▸ **REQUIRED WORK**: Taking the first line of the listing as the start and the line containing "Retro Game Zone – Super Bomberman 2 1" as the end, reproduce everything in between exactly, both ends included.

BEGIN

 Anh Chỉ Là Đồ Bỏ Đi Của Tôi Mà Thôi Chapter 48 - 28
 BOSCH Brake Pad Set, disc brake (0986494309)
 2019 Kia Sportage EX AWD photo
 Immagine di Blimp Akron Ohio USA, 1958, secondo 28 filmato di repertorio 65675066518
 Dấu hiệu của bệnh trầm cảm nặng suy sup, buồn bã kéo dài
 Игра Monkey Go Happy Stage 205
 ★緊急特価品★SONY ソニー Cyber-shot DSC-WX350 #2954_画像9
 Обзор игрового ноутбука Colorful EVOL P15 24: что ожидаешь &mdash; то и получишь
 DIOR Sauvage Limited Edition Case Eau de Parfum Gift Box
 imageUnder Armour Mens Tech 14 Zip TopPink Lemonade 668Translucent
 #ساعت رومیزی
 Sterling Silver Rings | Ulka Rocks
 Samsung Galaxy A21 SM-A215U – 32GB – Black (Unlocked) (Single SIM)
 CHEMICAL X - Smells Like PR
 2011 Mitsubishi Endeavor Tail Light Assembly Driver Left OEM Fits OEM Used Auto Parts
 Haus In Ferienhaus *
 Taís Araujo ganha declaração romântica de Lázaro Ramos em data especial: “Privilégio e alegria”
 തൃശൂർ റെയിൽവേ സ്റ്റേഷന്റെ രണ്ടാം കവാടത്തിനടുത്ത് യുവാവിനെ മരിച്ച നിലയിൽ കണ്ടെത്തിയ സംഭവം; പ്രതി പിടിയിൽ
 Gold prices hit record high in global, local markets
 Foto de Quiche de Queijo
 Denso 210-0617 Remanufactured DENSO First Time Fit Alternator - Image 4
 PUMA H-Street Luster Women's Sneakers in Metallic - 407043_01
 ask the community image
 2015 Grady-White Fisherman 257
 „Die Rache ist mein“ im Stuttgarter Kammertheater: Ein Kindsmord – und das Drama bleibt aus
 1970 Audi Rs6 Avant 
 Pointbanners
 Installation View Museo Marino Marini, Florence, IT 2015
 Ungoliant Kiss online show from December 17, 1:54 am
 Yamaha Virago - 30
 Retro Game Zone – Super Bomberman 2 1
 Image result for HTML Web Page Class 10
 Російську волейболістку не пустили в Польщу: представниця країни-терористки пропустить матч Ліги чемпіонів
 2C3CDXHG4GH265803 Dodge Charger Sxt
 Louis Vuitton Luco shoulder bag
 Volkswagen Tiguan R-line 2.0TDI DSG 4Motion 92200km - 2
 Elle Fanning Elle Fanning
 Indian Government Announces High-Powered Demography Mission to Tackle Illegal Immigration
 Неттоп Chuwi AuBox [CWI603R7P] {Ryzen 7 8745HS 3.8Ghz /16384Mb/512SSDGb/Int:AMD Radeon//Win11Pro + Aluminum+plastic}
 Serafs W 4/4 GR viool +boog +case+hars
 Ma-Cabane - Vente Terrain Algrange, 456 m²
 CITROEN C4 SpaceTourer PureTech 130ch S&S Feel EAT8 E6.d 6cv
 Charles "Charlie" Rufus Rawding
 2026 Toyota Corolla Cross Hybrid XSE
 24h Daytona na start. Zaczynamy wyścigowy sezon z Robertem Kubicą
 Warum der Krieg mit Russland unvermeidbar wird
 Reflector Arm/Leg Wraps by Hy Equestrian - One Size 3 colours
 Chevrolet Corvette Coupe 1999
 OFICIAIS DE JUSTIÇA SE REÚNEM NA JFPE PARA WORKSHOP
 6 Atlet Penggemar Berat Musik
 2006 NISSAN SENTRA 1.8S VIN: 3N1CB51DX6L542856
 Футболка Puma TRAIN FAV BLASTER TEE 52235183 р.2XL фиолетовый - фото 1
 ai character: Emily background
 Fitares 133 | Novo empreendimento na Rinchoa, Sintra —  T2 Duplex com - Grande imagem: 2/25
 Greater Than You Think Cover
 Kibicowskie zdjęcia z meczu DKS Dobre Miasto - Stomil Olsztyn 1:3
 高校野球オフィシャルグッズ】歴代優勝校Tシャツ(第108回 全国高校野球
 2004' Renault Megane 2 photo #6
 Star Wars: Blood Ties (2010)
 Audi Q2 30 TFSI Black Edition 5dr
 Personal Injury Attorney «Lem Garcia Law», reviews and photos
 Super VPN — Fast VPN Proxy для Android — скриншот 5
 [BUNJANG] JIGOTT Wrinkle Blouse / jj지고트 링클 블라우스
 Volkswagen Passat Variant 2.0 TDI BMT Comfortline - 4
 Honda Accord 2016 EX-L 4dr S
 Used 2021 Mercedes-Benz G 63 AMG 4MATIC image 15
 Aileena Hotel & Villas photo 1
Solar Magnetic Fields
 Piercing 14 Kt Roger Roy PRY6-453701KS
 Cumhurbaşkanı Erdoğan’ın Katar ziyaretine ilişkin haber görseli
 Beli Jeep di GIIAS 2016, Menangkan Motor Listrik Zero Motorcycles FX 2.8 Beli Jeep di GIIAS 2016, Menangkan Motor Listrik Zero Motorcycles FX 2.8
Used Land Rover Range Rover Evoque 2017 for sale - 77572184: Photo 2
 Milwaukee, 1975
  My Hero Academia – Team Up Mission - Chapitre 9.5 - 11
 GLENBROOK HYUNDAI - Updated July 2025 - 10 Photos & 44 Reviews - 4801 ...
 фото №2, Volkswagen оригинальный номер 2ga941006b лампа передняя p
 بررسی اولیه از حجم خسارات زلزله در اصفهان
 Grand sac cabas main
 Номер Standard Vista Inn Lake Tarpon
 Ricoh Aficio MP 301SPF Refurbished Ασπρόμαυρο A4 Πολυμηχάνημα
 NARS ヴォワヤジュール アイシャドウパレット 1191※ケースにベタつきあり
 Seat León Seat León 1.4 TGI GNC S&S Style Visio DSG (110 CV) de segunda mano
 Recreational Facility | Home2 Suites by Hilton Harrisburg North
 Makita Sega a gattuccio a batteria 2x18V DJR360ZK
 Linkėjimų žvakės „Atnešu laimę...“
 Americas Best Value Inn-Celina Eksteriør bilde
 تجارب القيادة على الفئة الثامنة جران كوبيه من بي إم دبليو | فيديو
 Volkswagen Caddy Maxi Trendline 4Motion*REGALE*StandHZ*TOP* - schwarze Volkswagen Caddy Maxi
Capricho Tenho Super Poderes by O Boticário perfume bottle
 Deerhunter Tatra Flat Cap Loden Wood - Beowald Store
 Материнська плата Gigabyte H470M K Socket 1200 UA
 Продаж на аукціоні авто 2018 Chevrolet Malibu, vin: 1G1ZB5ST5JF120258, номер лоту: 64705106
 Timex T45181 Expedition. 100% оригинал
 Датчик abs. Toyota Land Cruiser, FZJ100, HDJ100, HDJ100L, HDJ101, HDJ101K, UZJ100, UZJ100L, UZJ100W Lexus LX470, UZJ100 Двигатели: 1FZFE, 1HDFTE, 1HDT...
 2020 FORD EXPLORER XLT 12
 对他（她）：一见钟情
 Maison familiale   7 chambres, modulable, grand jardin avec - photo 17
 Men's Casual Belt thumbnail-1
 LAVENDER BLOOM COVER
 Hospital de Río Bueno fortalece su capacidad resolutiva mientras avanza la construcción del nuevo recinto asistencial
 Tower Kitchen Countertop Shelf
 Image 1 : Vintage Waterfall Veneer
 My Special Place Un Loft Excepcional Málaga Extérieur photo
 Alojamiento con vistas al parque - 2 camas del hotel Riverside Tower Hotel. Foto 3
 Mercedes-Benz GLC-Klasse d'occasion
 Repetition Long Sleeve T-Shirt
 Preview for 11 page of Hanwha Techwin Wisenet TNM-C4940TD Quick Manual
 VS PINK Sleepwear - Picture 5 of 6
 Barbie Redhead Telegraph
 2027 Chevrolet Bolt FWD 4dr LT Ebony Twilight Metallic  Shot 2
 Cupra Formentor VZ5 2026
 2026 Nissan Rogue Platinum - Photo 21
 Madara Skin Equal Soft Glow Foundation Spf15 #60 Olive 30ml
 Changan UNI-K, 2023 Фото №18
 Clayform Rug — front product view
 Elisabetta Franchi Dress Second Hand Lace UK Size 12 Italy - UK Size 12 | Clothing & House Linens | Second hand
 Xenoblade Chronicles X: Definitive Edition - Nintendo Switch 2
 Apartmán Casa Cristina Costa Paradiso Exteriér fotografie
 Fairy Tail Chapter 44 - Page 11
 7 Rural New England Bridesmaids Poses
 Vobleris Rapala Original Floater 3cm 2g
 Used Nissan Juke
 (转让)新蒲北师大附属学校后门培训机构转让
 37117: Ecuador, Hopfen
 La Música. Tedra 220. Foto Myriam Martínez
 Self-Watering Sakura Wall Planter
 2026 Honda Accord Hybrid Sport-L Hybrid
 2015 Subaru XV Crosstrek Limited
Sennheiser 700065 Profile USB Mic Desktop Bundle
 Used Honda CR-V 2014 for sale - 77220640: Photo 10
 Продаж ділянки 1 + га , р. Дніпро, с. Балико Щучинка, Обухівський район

END

▸ **TASK RESPONSE**:
 Anh Chỉ Là Đồ Bỏ Đi Của Tôi Mà Thôi Chapter 48 - 28
 BOSCH Brake Pad Set, disc brake (0986494309)
 2019 Kia Sportage EX AWD photo
 Immagine di Blimp Akron Ohio USA, 1958, secondo 28 filmato di repertorio 65675066518
 Dấu hiệu của bệnh trầm cảm nặng suy sup, buồn bã kéo dài
 Игра Monkey Go Happy Stage 205
 ★緊急特価品★SONY ソニー Cyber-shot DSC-WX350 #2954_画像9
 Обзор игрового ноутбука Colorful EVOL P15 24: что ожидаешь &mdash; то и получишь
 DIOR Sauvage Limited Edition Case Eau de Parfum Gift Box
 imageUnder Armour Mens Tech 14 Zip TopPink Lemonade 668Translucent
 #ساعت رومیزی
 Sterling Silver Rings | Ulka Rocks
 Samsung Galaxy A21 SM-A215U – 32GB – Black (Unlocked) (Single SIM)
 CHEMICAL X - Smells Like PR
 2011 Mitsubishi Endeavor Tail Light Assembly Driver Left OEM Fits OEM Used Auto Parts
 Haus In Ferienhaus *
 Taís Araujo ganha declaração romântica de Lázaro Ramos em data especial: “Privilégio e alegria”
 തൃശൂർ റെയിൽവേ സ്റ്റേഷന്റെ രണ്ടാം കവാടത്തിനടുത്ത് യുവാവിനെ മരിച്ച നിലയിൽ കണ്ടെത്തിയ സംഭവം; പ്രതി പിടിയിൽ
 Gold prices hit record high in global, local markets
 Foto de Quiche de Queijo
 Denso 210-0617 Remanufactured DENSO First Time Fit Alternator - Image 4
 PUMA H-Street Luster Women's Sneakers in Metallic - 407043_01
 ask the community image
 2015 Grady-White Fisherman 257
 „Die Rache ist mein“ im Stuttgarter Kammertheater: Ein Kindsmord – und das Drama bleibt aus
 1970 Audi Rs6 Avant 
 Pointbanners
 Installation View Museo Marino Marini, Florence, IT 2015
 Ungoliant Kiss online show from December 17, 1:54 am
 Yamaha Virago - 30
 Retro Game Zone – Super Bomberman 2 1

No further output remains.